A root Tolkien introduced in the late 1950s to serve as the basis for various “land” suffixes in Sindarin. The most detailed explanation appeared in a set of documents labeled “Changes affecting Silmarillion nomenclature”:
> The endings -ion, -ien, -ian(d) in place names. These have various origins. In Sindarin -ion is usually from -ı̯aun. This in origin is from yānā, √YANA-, extension of yā- (cf. YAGA, gap) “wide, large, extensive”. S iaun “roomy, wide, extensive” ... -iand (-ian) is from yandē “a wide region, or country” ... This was often used in plural of a single country (especially if it contained a varied topographical apsect) > iend, ien (PE17/42).
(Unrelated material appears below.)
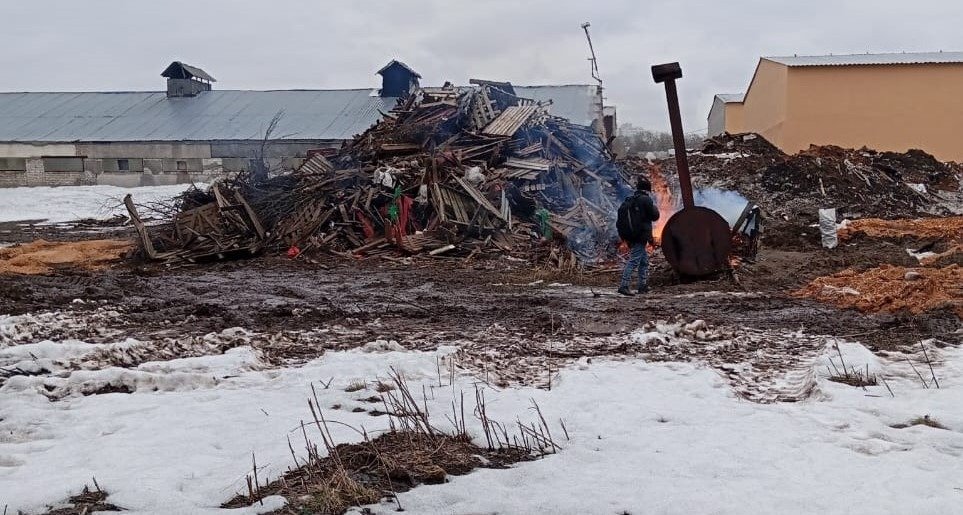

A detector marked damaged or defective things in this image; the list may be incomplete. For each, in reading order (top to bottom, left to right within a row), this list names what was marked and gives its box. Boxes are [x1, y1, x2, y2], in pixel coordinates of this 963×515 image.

rusty metal barrel [656, 62, 732, 276]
Thus all three suffixes -ian(d), -ien(d), -ion originate in the root √YAN. The suffix -ian(d) “land” (Beleriand) is the simplest, just a reduction of ancient -yandē. The suffix -ien(d) “lands” (Anórien) is a plural variant of -ian(d). The suffix -ion (Eregion) is S. iaun “wide, extension” used as a suffix (so perhaps = “✱extent”), becoming -ion because of the usual sound change whereby au become o in polysyllables.
In this same document, Tolkien also considered introducing a root √YŎNO “wide, extensive”, going so far as (temporarily) rejected the very well established word Q. yondo “son”. This √YON was blended with √YOD “fence, enclose”, and served as the basis for the suffix -ion, but Tolkien ultimately marked these notes with an “X” to reject them, perhaps because they only explained the suffix -ion, whereas √YAN could explain all three suffixes.
√YAN was mentioned in passing in other documents from this period, variously glossed “vast, huge” (PE17/99), “wide” (PE17/115), and “extend” (PE17/155), and in one place given a variant √YAD (PE17/115). In notes from December 1959 (D59) √YAN was contrasted with √ƷAN, the former meaning “wide” and the latter meaning “long”, both with the basic sense “extend” (PE17/115); see the entry on √HAN for further discussion.